Test fixtures can help us run our each of our tests against a clean set of known data, but arcpy can still throw a few curve balls at us–there are global singletons we need to be aware of (i.e., arcpy.env), and many GP tools can have side effects (such as changing the current working directory) or limitations of their own (i.e., the Project and Copy tools don’t support in-memory workspaces). In addition, just loading arcpy has a significant performance cost, and we want our tests to be as fast as possible.

We also want to be sure that we’re testing our business logic and not arcpy’s; ideally our tests will be making assertions about the state of the system after some public method has been called, and not testing the implementation details–we care about what the state of the system looks like, not how it got there.

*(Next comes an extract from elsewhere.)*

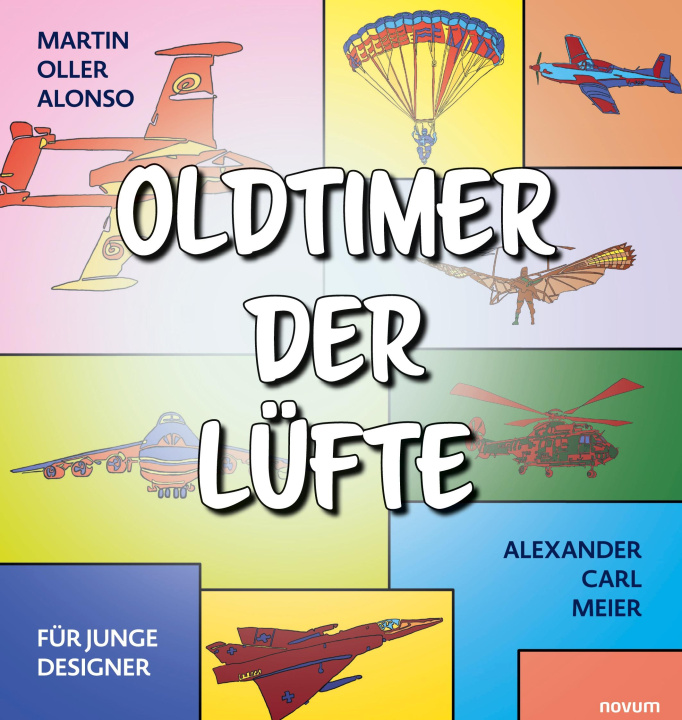 Knjiga Oldtimer der Lüfte Alexander Carl Meier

To avoid some of the difficulties around the arcpy module, and keep focused on our own, custom, business logic, we can use a couple of techniques: Isolating arcpy within our project, and Mocking it when we need to test some adjacent logic.

Isolating arcpy calls

In a project of even moderate size and complexity, it’s almost always worth wrapping arcpy calls, keeping them isolated to their own module(s), rather than sprinkling them throughout the codebase. In practice, this often means that we want only a single import arcpy statement in our project, with the majority of our business logic in other modules. By doing so, we can protect ourselves against future changes and decrease our iteration time substantially.

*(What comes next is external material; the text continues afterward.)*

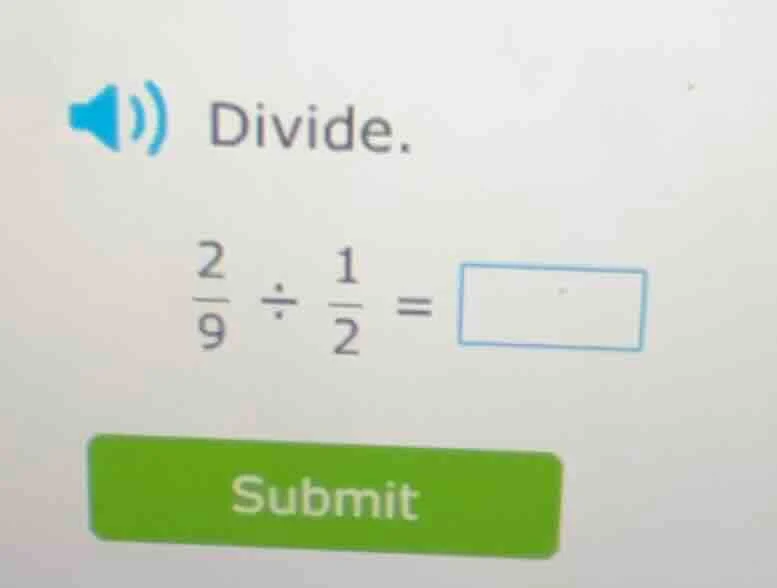 divide. \\(\\frac{2}{9} \\div \\frac{1}{2} = \\square\\)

Protection against changes

We don’t have control over the arcpy module, and there’s no guarantee that the function signatures or pubic interfaces won’t change the next time we upgrade ArcMap; we might be asked to port our application to use ESRI’s new Python API, or even GDAL! By keeping our arcmap calls isolated, we minimize the number of places we need to make code changes in the future if our underlying GIS system changes.

Iteration time

There’s no getting around it: Testing with arcpy is SLOW. As the codebase grows and the number of tests increase, it can make sense to run a subset of the tests while you’re iterating, and the full suite less frequently, before checking in. By keeping arcpy calls isolated, we can get orders of magnitude better performance out of our tests when working in a part of the codebase that doesn’t need arcpy.

By way of example, consider a small module that updates field values in a geodatabase; we’ll call it updater.py:

import arcpy

def update_field(feature_class):
    fields = ['MY_STRING_FIELD']
    with arcpy.da.UpdateCursor(feature_class, fields) as cursor:
        for row in cursor:
            row[0] = init_cap(row[0])
            cursor.updateRow(row)

def init_cap(field_value):
    return " ".join(word.capitalize() for word in field_value.split())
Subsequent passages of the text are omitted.